なお、上述した各実施形態においては、前記した第1領域D1と第2領域D2とで、パイロット圧室4a(または4b)から排出されるパイロット油の流量を可変制御するようにしているが、第2領域D2を複数の領域に分割し、この各分割領域においても、排出されるパイロット油の流量を可変制御するように構成することも可能である。
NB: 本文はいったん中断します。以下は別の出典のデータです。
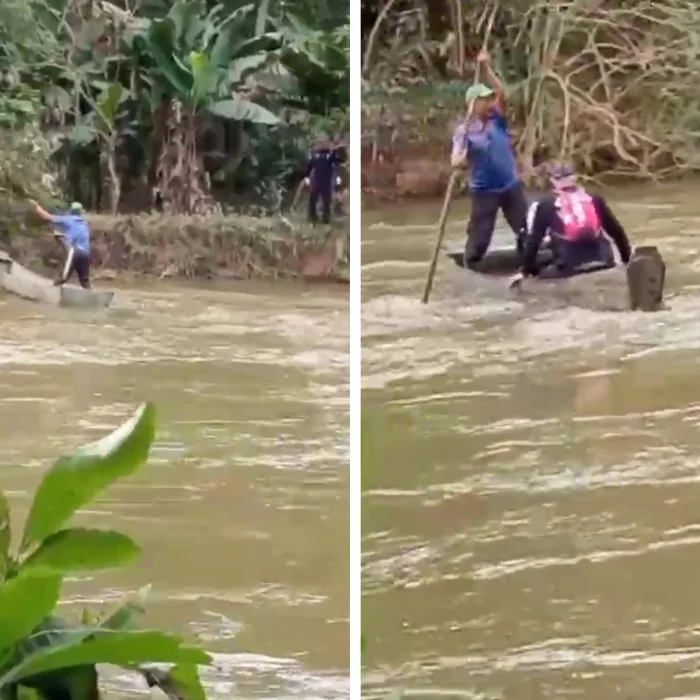 Quilombolas usam tirolesa improvisada para sair de comunidade alagada no Paraná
本発明の第1実施形態に係る建設機械の油圧制御装置における、要部構成を示す油圧回路図である。 本発明の第1実施形態で用いる流量制御弁の内部構造を簡略化しかつ一部を割愛して示す説明図である。 本発明の各実施形態における、レバー操作とこれに関連する各ファクターとの関係を示す説明図である。 本発明の第2実施形態に係る建設機械の油圧制御装置における、要部構成を示す油圧回路図である。 本発明の第2実施形態における、コントローラによる流量切替弁(電磁制御弁)の制御処理の流れを示すフローチャートである。 本発明の第2実施形態における、パイロット圧の変化例などを示す説明図である。 パイロット圧とスプール変位との関係を示すグラフ図である。 本発明の第2実施形態において、急停止操作された場合のレバー操作とこれに関連する各ファクターとの関係を示す説明図である。 本発明の第3実施形態に係る建設機械の油圧制御装置における、要部構成を示す油圧回路図である。 PWM制御の様子を示す説明図である。 従来の建設機械の油圧制御装置における、要部構成を示す油圧回路図である。 従来の流量制御弁の内部構造を簡略化しかつ一部を割愛して示す説明図である。 図11中の流量制御弁のメータイン絞りとメータアウト絞りとセンターバイパス絞りを示す説明図である。 図13中の各可変絞りにおける、絞り開口面積とスプール変位と関係を示すグラフ図である。 流量制御弁のメータアウト絞りにおける、2種類の開口面積変化特性線を示すグラフ図である。 従来の建設機械の油圧制御装置における、レバー操作とこれに関連する各ファクターとの関係を示す説明図である。
符号の説明
1 メイン油圧ポンプ
2 油圧シリンダ
3 負荷
4 流量制御弁
4a,4b パイロット圧室
4c スプール
4d ハウジング
4e,4f バネ、
4g パイロット圧室4aの第1ポート
4h パイロット圧室4bの第1ポート
4j パイロット圧室4aの第2ポート
4k パイロット圧室4bの第2ポート
5 操作レバー装置
6a,6b 減圧弁
6c 操作レバー
7 タンク
8A,8B チェック弁
9A,9B 絞り
11A,11B 電磁制御式の流量切替弁(電磁制御弁)
12A,12B パイロット圧検出センサ
13 コントローラ
14A,14B 電磁制御式の開閉制御弁(電磁制御弁)
101 メータイン絞り
102 メータアウト絞り
103 センターバイパス絞り

Claims (7)

  1. 油圧ポンプから吐出される圧油により駆動される油圧アクチュエータと、この油圧アクチュエータに供給する圧油の流量および供給方向を制御する流量制御弁と、その操作量に応じたパイロット圧を前記流量制御弁に対して出力して前記流量制御弁を制御する操作レバー装置とを備え、前記流量制御弁は、前記油圧アクチュエータからタンクに戻される圧油の流量を制御するメータアウト絞りを有する建設機械の油圧制御装置において、
    前記流量制御弁のスプールが位置する領域に応じて、前記スプールを中立位置に戻すために前記流量制御弁のパイロット圧室から排出されるパイロット用の油の排出流量を可変制御するスプール戻り制御手段を設け、このスプール戻り制御手段は、前記スプールが中立位置に戻る手前の所定位置から中立位置までの間の所定領域においては、前記スプールが位置する他の領域よりも、前記パイロット圧室から排出されるパイロット用の油の排出流量を低減させることを特徴とする建設機械の油圧制御装置。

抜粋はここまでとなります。